And Jesus does say the word, and the servant is healed.
Right after that Jesus goes to the village of Nain,
and does the same thing, only on a much more astonishing scale.
The young man in Nain isn’t sick, he’s dead.
Jesus performed many amazing miracles,
but none shows his divine power more than
the 3 times he raised the dead back to life:
of course, Lazarus,
and the daughter of Jairus,
and the widow of Nain’s son.
Who can raise the dead, but God alone?
In today’s first reading, Elijah goes through an elaborate ritual and prayer,
but in the end it’s all to ask God to raise the boy from the dead.

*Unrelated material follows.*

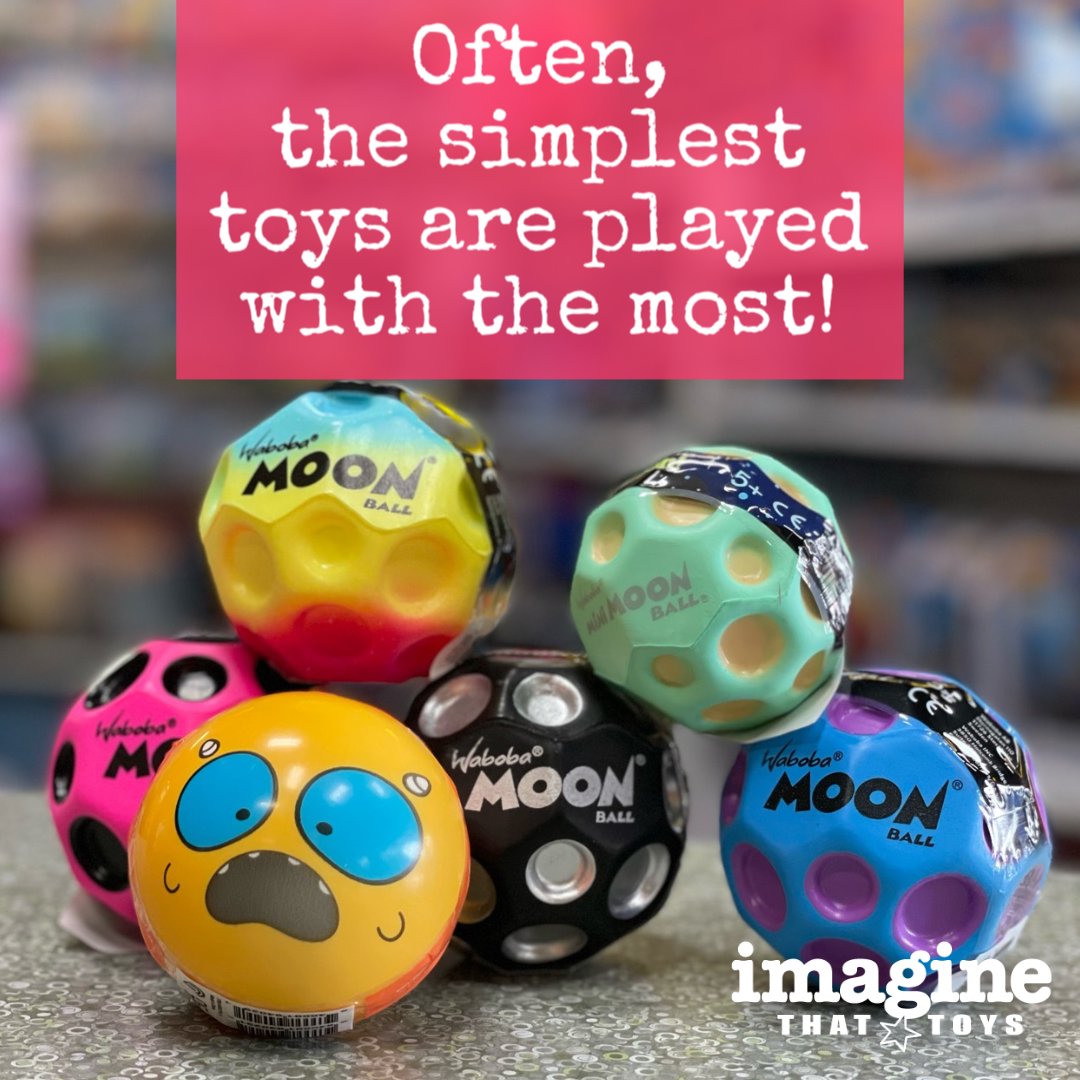 ImagineThatKS's tweet image. Moon Balls are all the rage because they practically ounce as high as the moon! 

#imaginethattoys #moonball #simple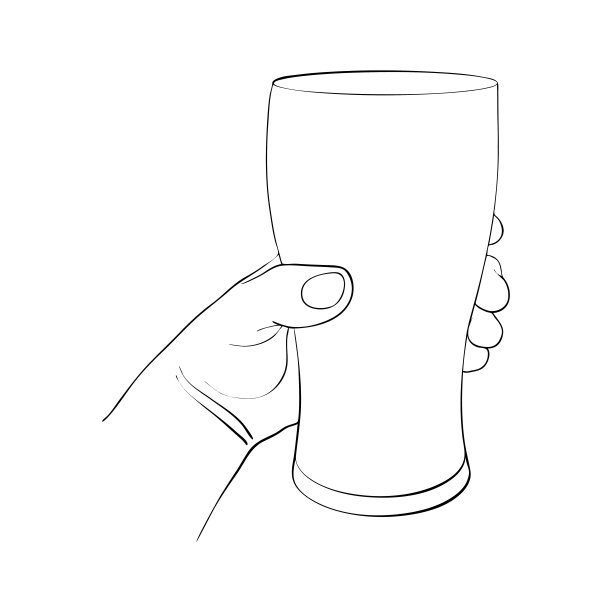 手拿啤酒杯图片下载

And yet Jesus doesn’t ask his Father a thing: he raises the dead himself,
with just a few simple words:
“Lazarus come out!”
“Talitha koum,” … “Little girl, I say to you, arise””
and “Young man, I tell you, arise!”
The power of the word of God,
spoken in the flesh by the Word of God made flesh, Jesus.
This leads us to the second lesson we learn from this story,
about the humanity of Jesus
—the Divine Word who became a flesh and blood human being.
As St. Paul tells us, “he was like us in all things but sin.”
God the Son stripped himself of his divine heavenly glory
to enter into and share in our humanity,
so that as a human being he could
show us an example,
represent us before His Father,
and, most wonderfully, so he could suffer with us and for us.
And so as he walks the roads of Galilee,
not far from his childhood home in Nazareth,
walking on the road from Capernaum to this little village of Nain,
like so many of us walk from place to place every day.
And he comes across a funeral procession, and encounters a very human thing:
death, a funeral.
But not only death, but what death leaves normally in its wake:
a grieving family member.
St. Luke tells us:
“a man who had died was being carried out,
the only son of his mother, and she was a widow.”
Think of this: “the only son of his mother…a widow.”
Jesus sees this poor woman, who, having already grieved for her dead husband,
now has to grieve for her dead son.
They say there is no sadder thing than for a person to bury their spouse,
except for a parent to have to bury their child.
And so Jesus enters into this all too real human situation,
one many of us in this room have experienced, in one form or another.
And he enters into the deep grief of this poor mother for her son.
But not only her “son,” but her “only son”!
We can imagine what she must be thinking:
she’s lost the two most important people in her life,
her husband and her only child.
But not only that, she suffers in another way
—a much more practical and mundane way,
but every bit as real for this poor woman.
You see, back then, without a husband or a son,
there would be no one to support and protect her: she was destitute.
And so she had not only lost the family she loved,
but she was now faced with the fear a very uncertain future for herself.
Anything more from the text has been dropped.